:: Data records ::
---+---
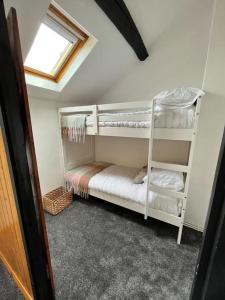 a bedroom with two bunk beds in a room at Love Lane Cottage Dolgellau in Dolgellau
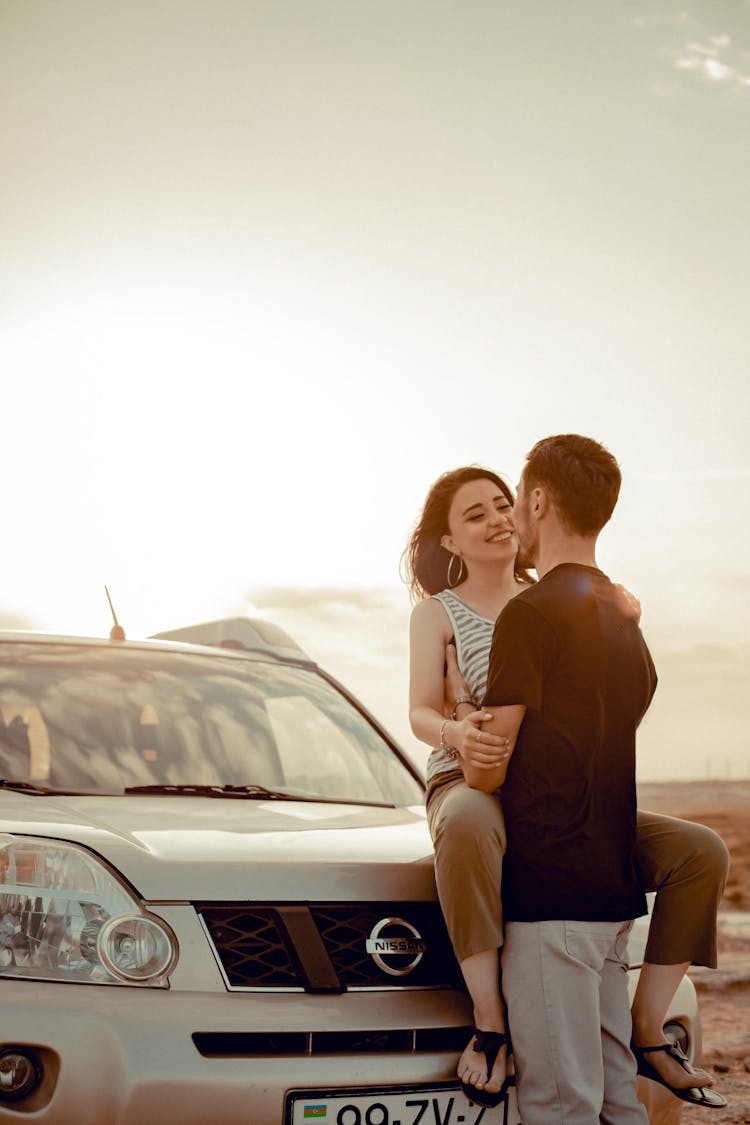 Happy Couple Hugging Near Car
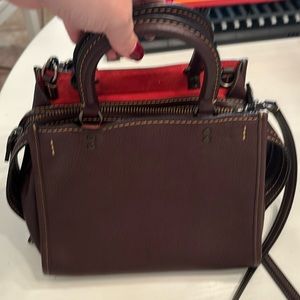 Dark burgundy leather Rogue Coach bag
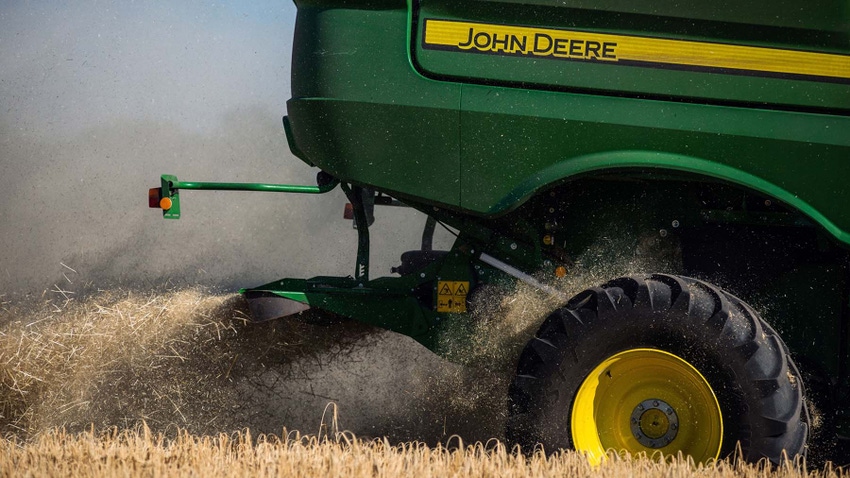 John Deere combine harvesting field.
---+---
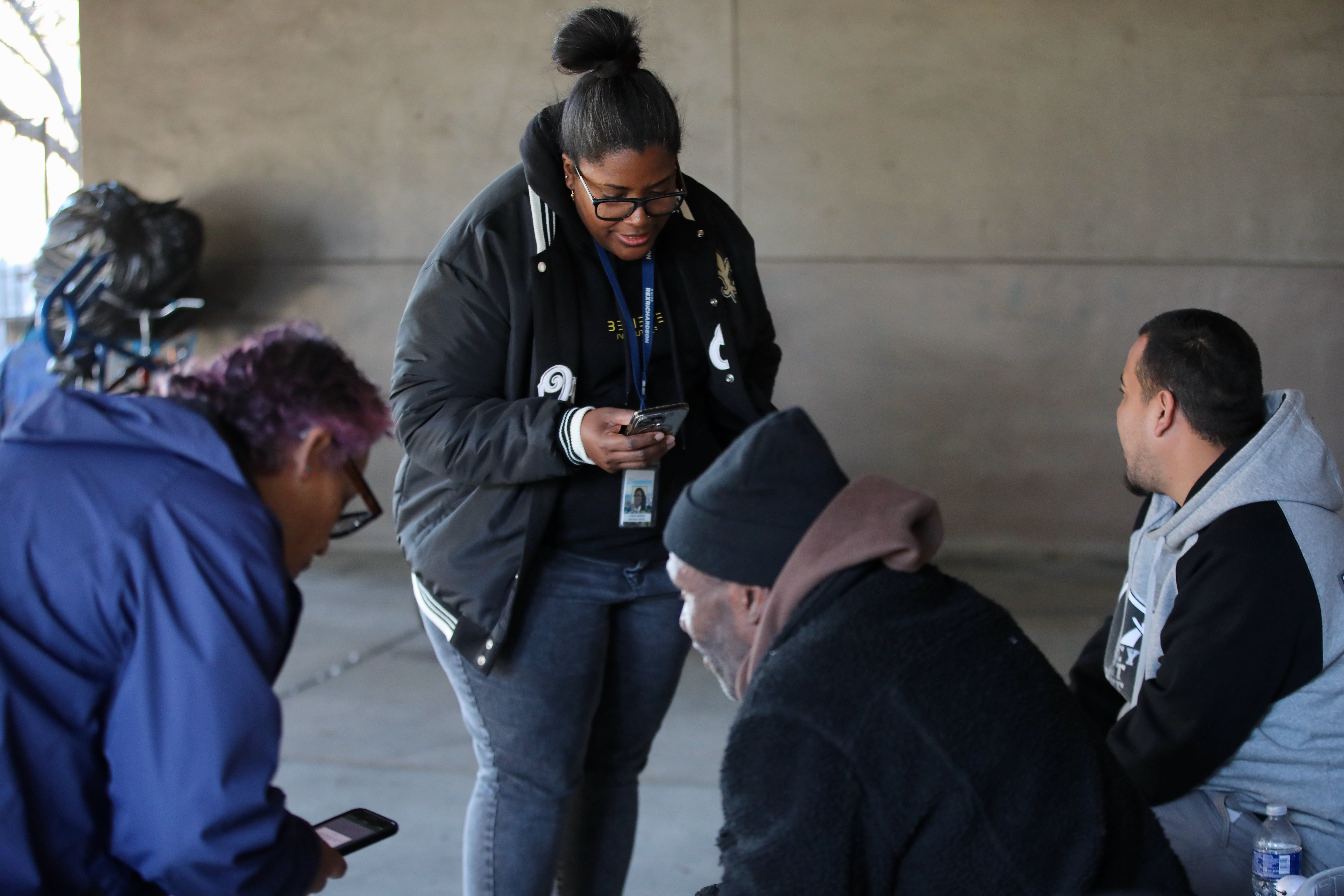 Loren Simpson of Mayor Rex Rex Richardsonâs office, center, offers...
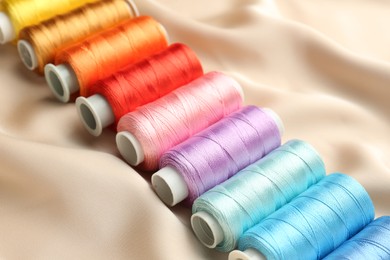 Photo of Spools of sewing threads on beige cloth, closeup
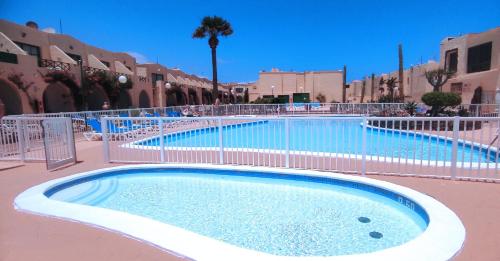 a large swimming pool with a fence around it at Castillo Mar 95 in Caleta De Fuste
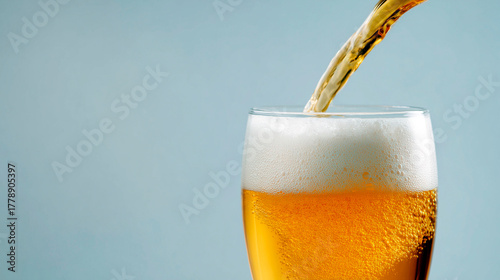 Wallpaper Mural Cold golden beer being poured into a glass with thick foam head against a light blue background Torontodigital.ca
---+---
:: Assignment ::
Of the lines above, copy only those from the one holding "a bedroom with" to the one holding "John Deere combine harvesting field.", both included, and exclude every image.

:: Answer space ::
 a bedroom with two bunk beds in a room at Love Lane Cottage Dolgellau in Dolgellau
 Happy Couple Hugging Near Car
 Dark burgundy leather Rogue Coach bag
 John Deere combine harvesting field.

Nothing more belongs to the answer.